Las civilizaciones se han construido históricamente sobre mandatos, más que sobre buena voluntad. La ley escrita fue de las grandes avances sociales que ha permitido incontables evoluciones culturales. La más reciente en Chile, la Ley Emilia, que transformó el estúpido comentario de “curado manejo mejor”, en ser reconocido abiertamente como estúpido por no pasar las llaves al tomar. Sin embargo, lo admirable, interesante y valorable del movimiento de igualdad de género, es lo logrado en pocos años en términos de dignidad cultural, sin mediar cambios regulatorios. Una iniciativa comunicacional y social que ha estado viva en todo segundo, y que ha sabido aparecer en cada oportunidad que ha tenido. Desde el #NiUnaMenos frente a situaciones de violencia, hasta el mensaje de Hillary Clinton al reconocer su derrota, dedicando especialmente a “todas esas niñas que están mirando… nunca duden de lo valiosas que son y que merecen todas las oportunidades del mundo”.

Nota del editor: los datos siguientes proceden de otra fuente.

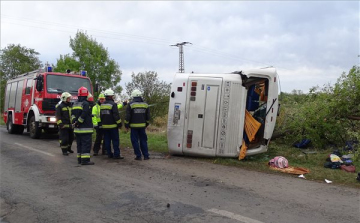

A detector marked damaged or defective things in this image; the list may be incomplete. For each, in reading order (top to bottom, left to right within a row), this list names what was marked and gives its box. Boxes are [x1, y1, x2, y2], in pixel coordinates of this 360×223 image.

overturned white bus [167, 67, 280, 158]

Esa sensibilidad siempre lista a flor de piel, le habla al resto de la sociedad de algo que la gran mayoría de los hombres no entendemos. No hemos vivido esa constante y latente opresión. Desde el simbolismo de un gobierno y sociedad construida en torno al control y regulación de la fuerza, hasta el cotidiano miedo al caminar de noche o subirse a un taxi. Miedo no solo a ser asaltada, sino que violada. Simplemente no podemos sentir eso. Sólo podemos entenderlo conceptualmente y hacer algo al respecto. Iniciativas que nazcan de la empatía, respeto y amor por otro ser humano que merece sentirse igual de libre, segura y digna. Lo admirable, es que esas iniciativas son cotidianas. Son la suma de miles de millones de acciones personales que terminan por crear una cultura que condena los comentarios sexistas.

Decisiones y conciencias individuales que se van formando para crear incluso un consumidor que valora más una marca consciente de estos temas y consecuente, frente a una que destaca mujeres semi desnudas. El que las empresas estén modificando su conducta comunicacional nos revela un cambio cultural brutal. Dejando atrás el fácil recurso de “el sexo vende”, y ver como varias marcas salen a defender a los inmigrantes frente a las declaraciones del Presidente Trump, es algo sin precedentes.

Lo que viene es interesante. Un evolución cultural que mira cada vez más la humanidad y la dignidad de cada uno. Una economía y sociedad que premia no sólo lo mejor y más barato, sino que también lo local, a los emprendedores, al comercio justo y lo sustentable, nos habla de una sociedad más amable que todos piden a gritos. El empuje y consolidación cultural de los derechos de la mujer, y la adopción del activismo por sobre el sexismo desde el mundo empresarial, es el punto de inflexión de una sociedad patriarcal en torno a la fuerza y la producción, a una cultura más humana centrada en el desarrollo personal y social.